Extracted records below:
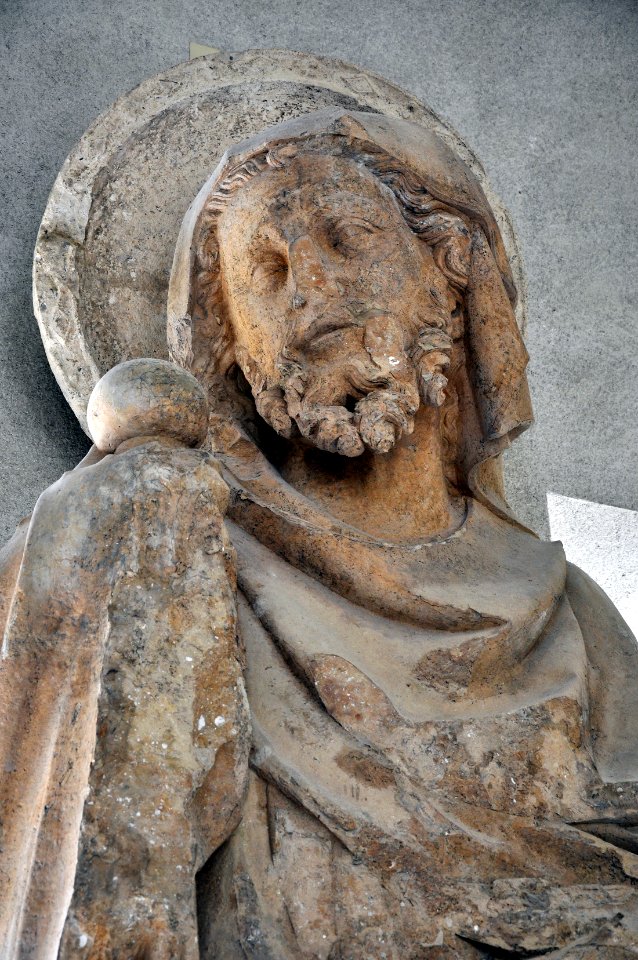Palais du Tau Statues originales 17062011 11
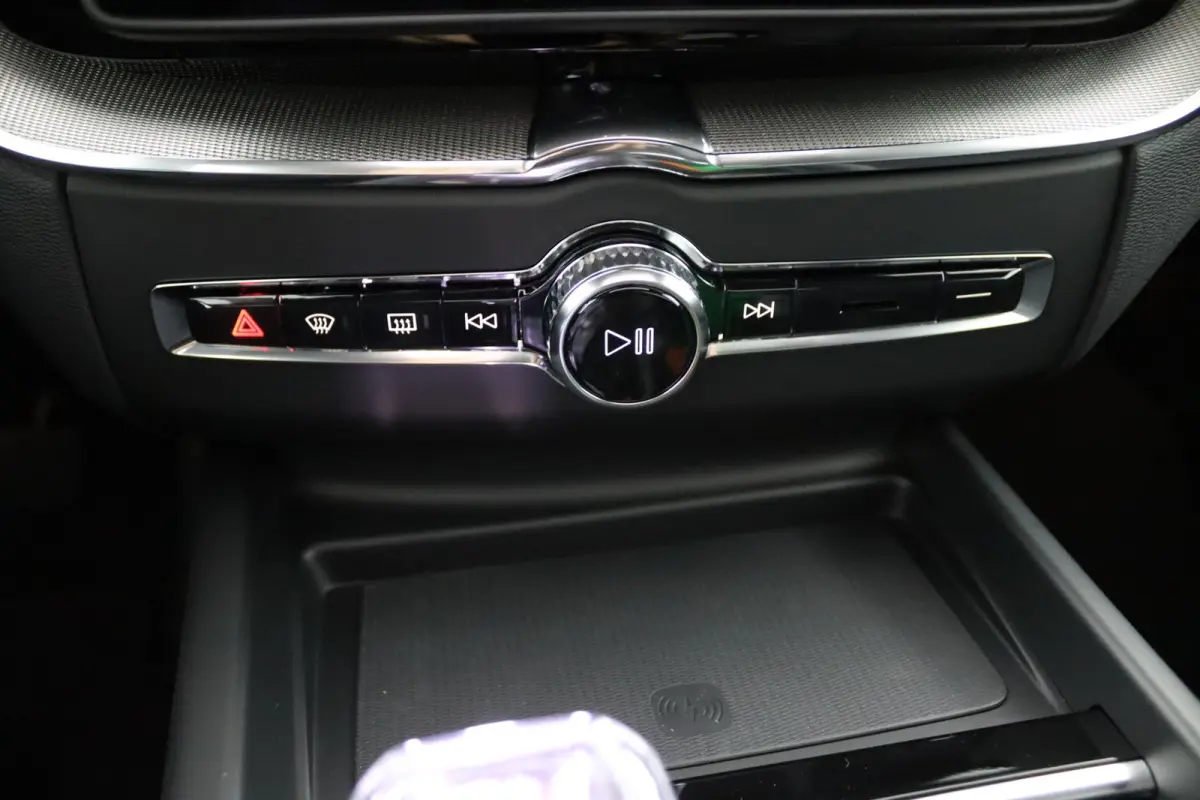 T8 AWD Ultra Black Edition Exec | Achterbank verwarmd | Achteruitrijcamera | Alarmsysteem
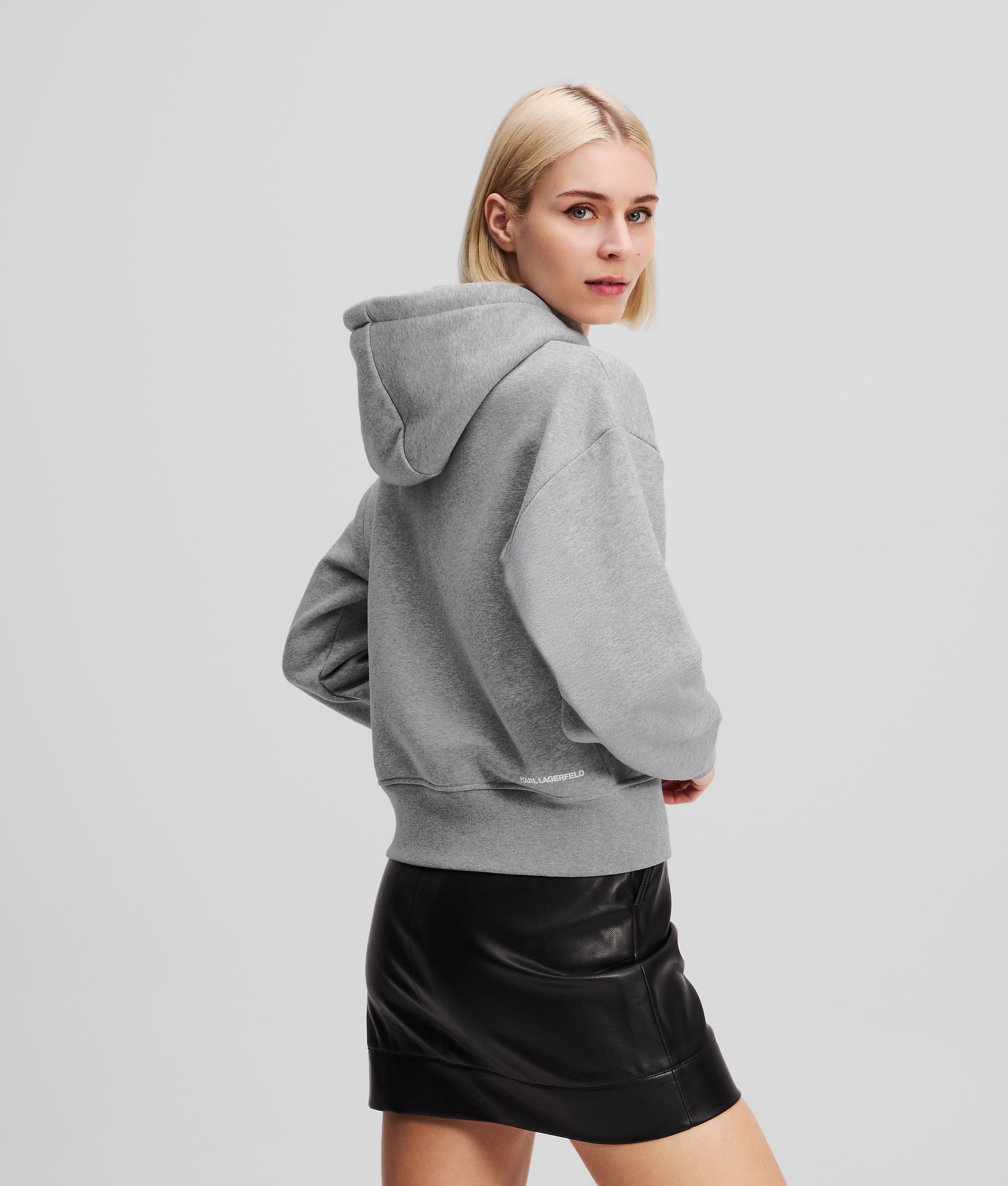 IKON PATCH CROPPED HOODIE - Image 2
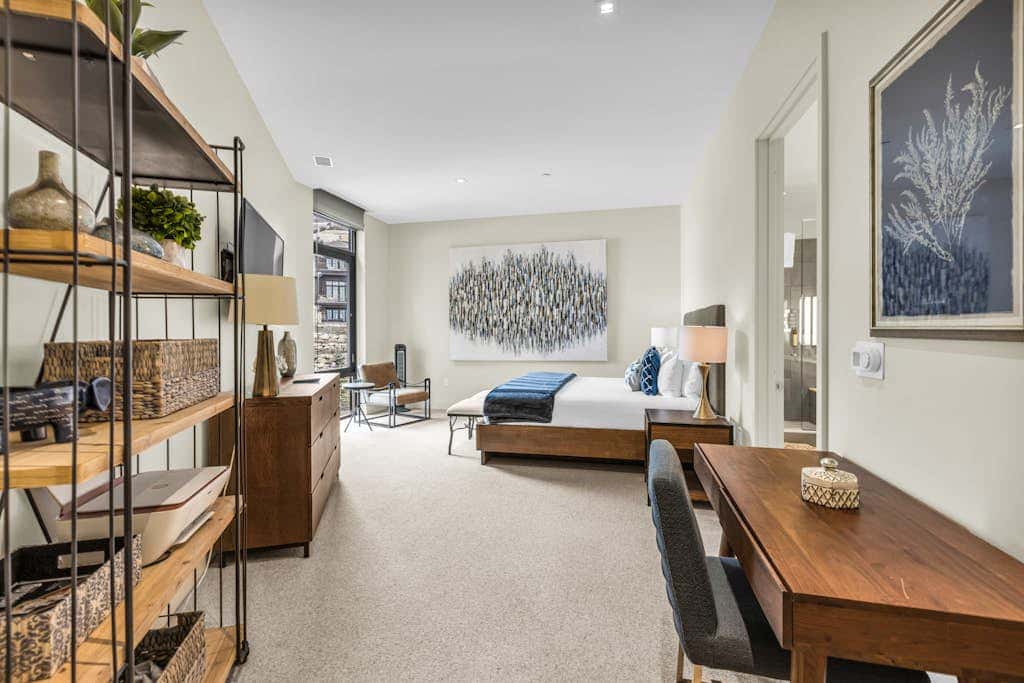 Exclusive ski-in - ski-out Penthouse with Balcony & Gorgeous Slope Views
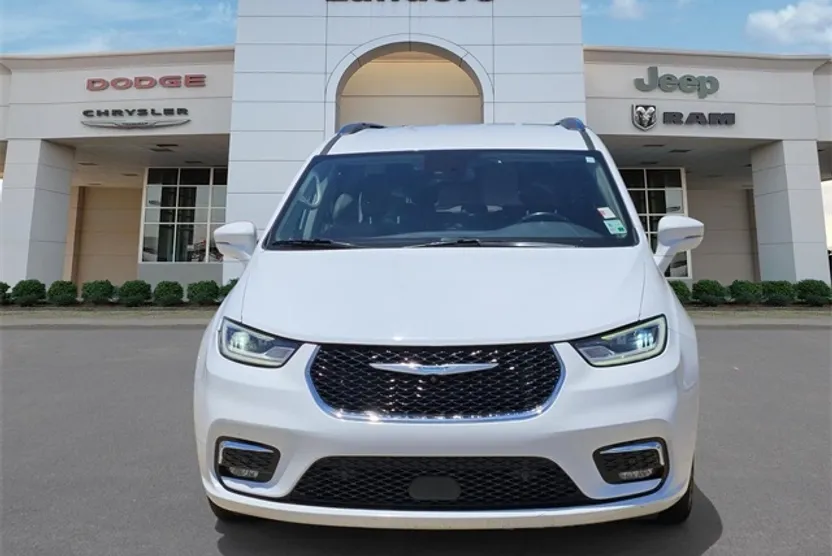 2021 Chrysler Pacifica Hybrid Touring L photo 1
End of Extracted records.
-- What the task asks --
From the line containing "T8 AWD Ultra" down to the final line of the listing above, write out only those lines exactly as they are, minus the pictures.

-- Solution to this task --
 T8 AWD Ultra Black Edition Exec | Achterbank verwarmd | Achteruitrijcamera | Alarmsysteem
 IKON PATCH CROPPED HOODIE - Image 2
 Exclusive ski-in - ski-out Penthouse with Balcony & Gorgeous Slope Views
 2021 Chrysler Pacifica Hybrid Touring L photo 1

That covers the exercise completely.